Nomor-nomor yang ada di buku teleponku, semua hanya nomor darurat. Dihubungi jika memang benar-benar diperlukan. Dan ya, saat ini aku memang perlu teman! Tapi, coba pikir, dapatkah kuhubungi nomor-nomor itu lalu saat mereka bertanya penuh perhatian 'kenapa, Wen?', lantas dengan enteng kukatakan 'halo, maukah kamu menemaniku?' Yang ada, mereka malah akan mengulang pertanyaan yang sama dengan rasa setengah malas, 'eeeā€¦ serius, Wen, ada apa nih?'. Huh, padahal memang aku serius! Mungkin hanya nomor wanita panggilan yang akan menjawab 'ya' atau 'oke'. Sayangnya, aku tidak pernah menyimpan nomor seperti itu.

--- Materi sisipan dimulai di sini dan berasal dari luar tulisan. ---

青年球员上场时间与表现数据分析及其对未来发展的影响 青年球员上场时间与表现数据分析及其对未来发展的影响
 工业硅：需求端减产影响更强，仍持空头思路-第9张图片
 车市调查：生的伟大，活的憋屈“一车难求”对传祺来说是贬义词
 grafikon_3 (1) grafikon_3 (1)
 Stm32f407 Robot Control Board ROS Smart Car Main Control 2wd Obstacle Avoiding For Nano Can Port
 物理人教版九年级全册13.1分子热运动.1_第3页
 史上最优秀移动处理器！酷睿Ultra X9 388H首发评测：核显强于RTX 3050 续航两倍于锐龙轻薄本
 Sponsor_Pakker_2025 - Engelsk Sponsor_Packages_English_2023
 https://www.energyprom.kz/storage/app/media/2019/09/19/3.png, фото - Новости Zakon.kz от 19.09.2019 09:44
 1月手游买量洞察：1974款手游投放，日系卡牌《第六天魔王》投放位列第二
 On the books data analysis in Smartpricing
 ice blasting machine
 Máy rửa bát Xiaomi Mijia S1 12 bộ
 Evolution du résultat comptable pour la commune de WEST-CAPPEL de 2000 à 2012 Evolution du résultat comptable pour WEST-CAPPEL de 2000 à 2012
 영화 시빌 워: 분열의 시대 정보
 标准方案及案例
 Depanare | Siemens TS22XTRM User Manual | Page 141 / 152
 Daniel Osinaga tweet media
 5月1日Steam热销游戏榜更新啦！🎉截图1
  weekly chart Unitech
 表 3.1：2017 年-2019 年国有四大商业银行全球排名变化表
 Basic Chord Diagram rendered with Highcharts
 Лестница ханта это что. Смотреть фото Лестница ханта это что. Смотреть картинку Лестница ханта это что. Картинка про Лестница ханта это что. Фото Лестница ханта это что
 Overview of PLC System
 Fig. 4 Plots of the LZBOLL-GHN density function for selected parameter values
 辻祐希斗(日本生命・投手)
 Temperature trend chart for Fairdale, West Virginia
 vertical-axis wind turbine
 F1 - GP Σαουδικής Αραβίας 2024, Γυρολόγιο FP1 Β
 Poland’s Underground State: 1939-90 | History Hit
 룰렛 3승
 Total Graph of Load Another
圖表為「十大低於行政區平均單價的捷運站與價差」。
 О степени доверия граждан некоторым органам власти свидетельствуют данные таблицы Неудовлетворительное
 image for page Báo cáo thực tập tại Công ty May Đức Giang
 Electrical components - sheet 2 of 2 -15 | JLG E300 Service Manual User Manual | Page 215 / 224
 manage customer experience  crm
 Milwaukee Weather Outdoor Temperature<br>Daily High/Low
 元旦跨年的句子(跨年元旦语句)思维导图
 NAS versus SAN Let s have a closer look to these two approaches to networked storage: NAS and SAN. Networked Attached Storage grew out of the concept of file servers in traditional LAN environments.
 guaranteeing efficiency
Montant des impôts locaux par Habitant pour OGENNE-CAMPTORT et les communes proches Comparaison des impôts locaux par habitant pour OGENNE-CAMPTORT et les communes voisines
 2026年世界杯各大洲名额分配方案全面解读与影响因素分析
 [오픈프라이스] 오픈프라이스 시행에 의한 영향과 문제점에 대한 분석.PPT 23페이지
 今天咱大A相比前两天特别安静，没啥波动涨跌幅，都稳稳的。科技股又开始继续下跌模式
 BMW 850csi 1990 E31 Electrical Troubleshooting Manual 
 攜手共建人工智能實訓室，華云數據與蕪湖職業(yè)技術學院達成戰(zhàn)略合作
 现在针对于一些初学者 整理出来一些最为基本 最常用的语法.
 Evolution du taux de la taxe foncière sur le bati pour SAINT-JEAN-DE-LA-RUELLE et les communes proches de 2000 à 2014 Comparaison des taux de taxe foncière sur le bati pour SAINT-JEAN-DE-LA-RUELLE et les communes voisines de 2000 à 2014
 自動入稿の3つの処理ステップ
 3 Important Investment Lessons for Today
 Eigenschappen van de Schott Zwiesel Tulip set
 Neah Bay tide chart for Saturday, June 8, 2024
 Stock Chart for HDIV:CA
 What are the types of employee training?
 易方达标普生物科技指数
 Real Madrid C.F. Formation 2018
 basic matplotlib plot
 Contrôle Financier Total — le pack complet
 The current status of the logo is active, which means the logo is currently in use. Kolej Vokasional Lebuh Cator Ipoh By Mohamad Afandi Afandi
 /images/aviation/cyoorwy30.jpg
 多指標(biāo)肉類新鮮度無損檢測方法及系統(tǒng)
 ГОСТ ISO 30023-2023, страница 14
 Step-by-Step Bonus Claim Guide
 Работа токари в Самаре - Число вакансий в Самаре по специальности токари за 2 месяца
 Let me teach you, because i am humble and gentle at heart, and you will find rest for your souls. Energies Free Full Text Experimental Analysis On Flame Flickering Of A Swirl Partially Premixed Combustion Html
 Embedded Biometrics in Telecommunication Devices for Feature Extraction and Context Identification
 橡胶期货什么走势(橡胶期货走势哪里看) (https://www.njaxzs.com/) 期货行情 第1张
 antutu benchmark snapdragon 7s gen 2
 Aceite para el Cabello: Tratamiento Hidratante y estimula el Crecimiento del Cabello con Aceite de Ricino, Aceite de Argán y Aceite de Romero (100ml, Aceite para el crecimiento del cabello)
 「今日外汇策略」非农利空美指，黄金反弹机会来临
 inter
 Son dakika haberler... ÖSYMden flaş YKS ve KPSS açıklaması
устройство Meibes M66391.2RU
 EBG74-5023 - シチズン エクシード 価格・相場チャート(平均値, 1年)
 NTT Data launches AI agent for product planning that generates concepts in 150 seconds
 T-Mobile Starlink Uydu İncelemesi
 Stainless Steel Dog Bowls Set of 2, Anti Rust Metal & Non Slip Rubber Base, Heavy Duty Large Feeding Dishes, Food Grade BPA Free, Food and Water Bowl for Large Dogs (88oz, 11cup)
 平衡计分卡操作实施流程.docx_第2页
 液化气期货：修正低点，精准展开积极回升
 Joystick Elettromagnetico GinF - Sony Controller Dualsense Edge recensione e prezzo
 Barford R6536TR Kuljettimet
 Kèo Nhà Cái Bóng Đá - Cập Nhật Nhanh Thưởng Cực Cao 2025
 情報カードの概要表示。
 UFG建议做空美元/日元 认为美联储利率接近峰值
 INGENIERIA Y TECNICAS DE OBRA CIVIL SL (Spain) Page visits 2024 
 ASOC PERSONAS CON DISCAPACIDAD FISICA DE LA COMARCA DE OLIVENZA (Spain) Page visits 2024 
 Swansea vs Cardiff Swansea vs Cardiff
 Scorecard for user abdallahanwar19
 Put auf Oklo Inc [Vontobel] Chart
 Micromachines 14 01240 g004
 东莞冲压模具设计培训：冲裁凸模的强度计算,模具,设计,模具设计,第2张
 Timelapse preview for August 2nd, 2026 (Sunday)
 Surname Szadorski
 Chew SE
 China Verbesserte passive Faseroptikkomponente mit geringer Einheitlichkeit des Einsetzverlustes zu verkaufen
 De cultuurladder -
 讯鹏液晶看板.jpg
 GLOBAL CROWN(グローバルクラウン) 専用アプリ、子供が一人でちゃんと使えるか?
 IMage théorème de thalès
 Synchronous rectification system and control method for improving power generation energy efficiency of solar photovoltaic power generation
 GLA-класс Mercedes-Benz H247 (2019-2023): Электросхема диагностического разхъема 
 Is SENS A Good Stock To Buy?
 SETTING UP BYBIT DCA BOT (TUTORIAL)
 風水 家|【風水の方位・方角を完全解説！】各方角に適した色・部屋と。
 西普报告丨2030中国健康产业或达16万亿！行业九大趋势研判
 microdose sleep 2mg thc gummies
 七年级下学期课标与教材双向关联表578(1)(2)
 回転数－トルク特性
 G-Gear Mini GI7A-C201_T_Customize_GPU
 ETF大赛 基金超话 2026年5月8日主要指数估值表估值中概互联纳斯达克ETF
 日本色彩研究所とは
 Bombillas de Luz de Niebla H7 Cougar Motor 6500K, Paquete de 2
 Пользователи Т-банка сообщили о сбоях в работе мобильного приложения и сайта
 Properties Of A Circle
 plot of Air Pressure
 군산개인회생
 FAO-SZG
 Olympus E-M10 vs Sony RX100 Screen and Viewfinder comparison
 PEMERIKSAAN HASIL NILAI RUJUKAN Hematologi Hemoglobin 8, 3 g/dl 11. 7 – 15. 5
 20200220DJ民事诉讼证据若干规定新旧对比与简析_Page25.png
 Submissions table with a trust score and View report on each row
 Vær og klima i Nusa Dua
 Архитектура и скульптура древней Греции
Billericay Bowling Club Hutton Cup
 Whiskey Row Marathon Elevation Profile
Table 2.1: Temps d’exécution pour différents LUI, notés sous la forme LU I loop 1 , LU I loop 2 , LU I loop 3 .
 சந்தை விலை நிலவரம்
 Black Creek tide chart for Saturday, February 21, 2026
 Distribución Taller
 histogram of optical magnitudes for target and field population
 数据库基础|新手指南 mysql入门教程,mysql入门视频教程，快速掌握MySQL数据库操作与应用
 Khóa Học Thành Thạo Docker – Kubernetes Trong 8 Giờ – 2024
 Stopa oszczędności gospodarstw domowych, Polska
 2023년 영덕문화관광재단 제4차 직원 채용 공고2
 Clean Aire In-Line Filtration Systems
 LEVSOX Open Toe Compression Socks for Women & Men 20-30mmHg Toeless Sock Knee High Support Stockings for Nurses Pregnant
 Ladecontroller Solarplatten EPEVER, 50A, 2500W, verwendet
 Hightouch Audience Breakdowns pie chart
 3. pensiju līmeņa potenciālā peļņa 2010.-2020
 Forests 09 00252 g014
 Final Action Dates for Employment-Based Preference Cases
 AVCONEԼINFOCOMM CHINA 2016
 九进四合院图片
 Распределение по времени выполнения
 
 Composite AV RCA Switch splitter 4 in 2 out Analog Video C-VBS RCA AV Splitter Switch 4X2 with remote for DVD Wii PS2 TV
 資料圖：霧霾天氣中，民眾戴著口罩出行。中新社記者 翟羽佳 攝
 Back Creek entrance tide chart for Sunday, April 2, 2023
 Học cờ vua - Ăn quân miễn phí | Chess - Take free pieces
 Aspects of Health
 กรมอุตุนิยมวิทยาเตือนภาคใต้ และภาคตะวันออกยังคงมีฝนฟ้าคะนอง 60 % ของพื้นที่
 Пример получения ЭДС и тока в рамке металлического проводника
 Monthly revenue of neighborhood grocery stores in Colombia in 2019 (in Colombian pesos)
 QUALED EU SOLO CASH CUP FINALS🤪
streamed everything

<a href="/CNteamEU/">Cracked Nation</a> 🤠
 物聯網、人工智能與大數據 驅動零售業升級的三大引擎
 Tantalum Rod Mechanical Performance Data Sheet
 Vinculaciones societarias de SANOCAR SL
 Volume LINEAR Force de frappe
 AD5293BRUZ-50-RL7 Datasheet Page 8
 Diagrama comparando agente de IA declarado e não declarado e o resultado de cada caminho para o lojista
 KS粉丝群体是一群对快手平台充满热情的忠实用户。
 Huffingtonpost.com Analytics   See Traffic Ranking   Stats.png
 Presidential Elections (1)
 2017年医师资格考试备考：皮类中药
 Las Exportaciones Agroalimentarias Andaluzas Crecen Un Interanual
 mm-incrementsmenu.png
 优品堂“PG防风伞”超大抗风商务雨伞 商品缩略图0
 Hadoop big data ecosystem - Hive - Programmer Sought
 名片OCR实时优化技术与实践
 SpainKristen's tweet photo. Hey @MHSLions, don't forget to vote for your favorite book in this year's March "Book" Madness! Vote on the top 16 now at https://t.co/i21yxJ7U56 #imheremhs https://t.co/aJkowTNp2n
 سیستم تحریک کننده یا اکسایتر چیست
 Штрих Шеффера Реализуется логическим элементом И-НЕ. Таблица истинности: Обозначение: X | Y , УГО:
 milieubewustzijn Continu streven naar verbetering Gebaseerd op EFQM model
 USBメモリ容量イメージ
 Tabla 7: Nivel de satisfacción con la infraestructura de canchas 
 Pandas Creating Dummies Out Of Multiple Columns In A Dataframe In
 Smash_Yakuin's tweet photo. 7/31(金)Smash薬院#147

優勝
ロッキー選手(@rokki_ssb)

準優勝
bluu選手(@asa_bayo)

Ah, entah kenapa ya, semua orang sepertinya selalu sibuk dengan ini-itu. Orang-orang di nomor darurat itu, seolah mereka akan mati besok pagi dan oleh karena itu semua urusan harus diselesaikan hari ini. Apa tidak ada ya, yang menjelang akhir kematiannya hanya ingin duduk-duduk santai saja, mengobrol ngalor-ngidul, mengenang masa lalu...

Mungkin hanya sepasang kekasih yang ingin tetap berdua, berpelukan di ujung hidupnya.

Tapi masalahnya, hatiku, aku tidak punya kekasih sekarang. Aku pernah punya satu, namun dengan bodohnya kutinggalkan dia. Lalu aku punya lagi, dan kutinggalkan lagi. Dan kini aku sedang mencari lagi. Tapi Tuhan tampaknya kapok memberiku satu lagi. Karena sudah dua pemberian dariNya aku sia-siakan begitu saja. Padahal, sungguh aku menginginkan mereka bukan untuk sementara waktu, tapi untuk jadi temanku mengarungi hidup. Hanya saja, kadang keadaan menjadi demikian sulit untuk diatasi.


Hatiku, seseorang yang kuharapkan sekarang, tampaknya belum mau memberikan waktu dan perhatiannya kepadaku. Dia sepertinya sama saja dengan orang-orang itu, yang masih memikirkan dirinya, masih beranggapan besok pagi semua akan berakhir.

Mungkin dia tidak seperti aku, yang kesepian dan butuh teman. Mungkin dia menikmati kesendiriannya, dan mungkin dia punya banyak nomor yang bukan sekedar nomor darurat. Duh, andai aku bisa menjadi seperti dia.